=== Section Start ===

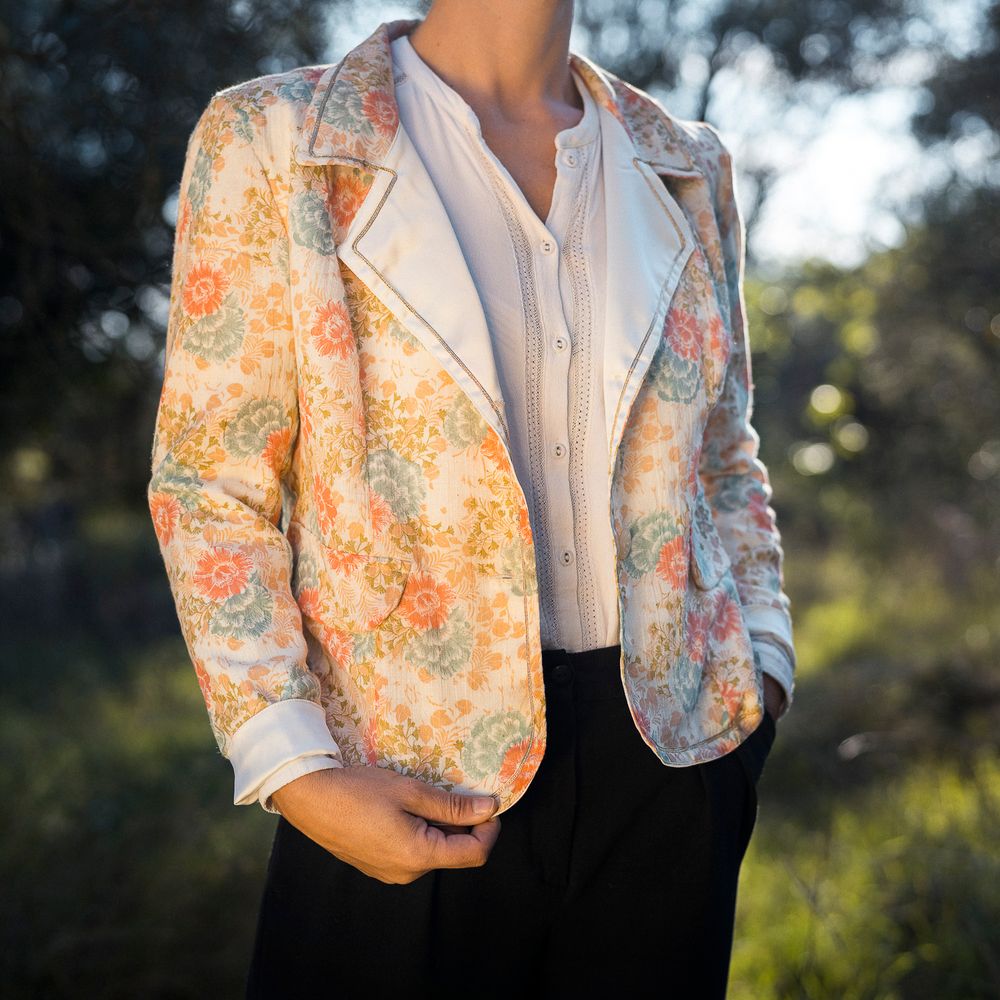 Apparel - Flowery cushions - ROSE VELOURS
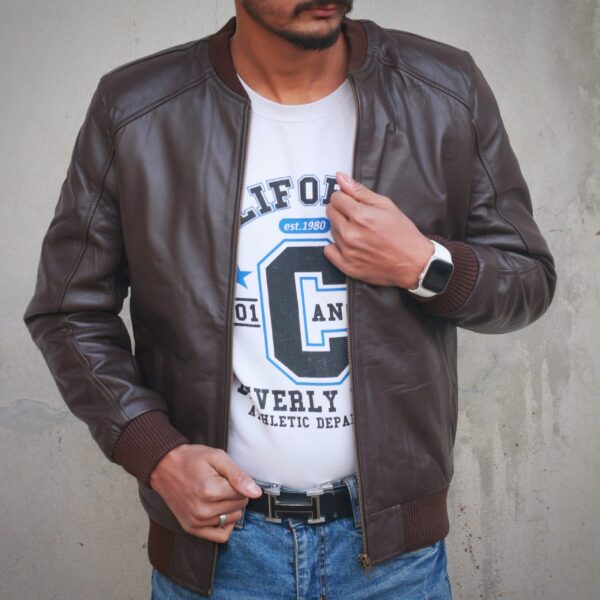 Vintage Leather Bomber Jackets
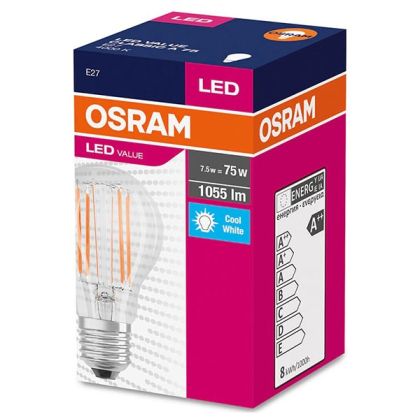 Крушка Osram LED Value Filament CLA75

=== Section End ===

WHAT YOU ARE ASKED TO DO =
What the answer must hold: all the data above, given again exactly, without pictures.

ANSWER =
 Apparel - Flowery cushions - ROSE VELOURS
 Vintage Leather Bomber Jackets
 Крушка Osram LED Value Filament CLA75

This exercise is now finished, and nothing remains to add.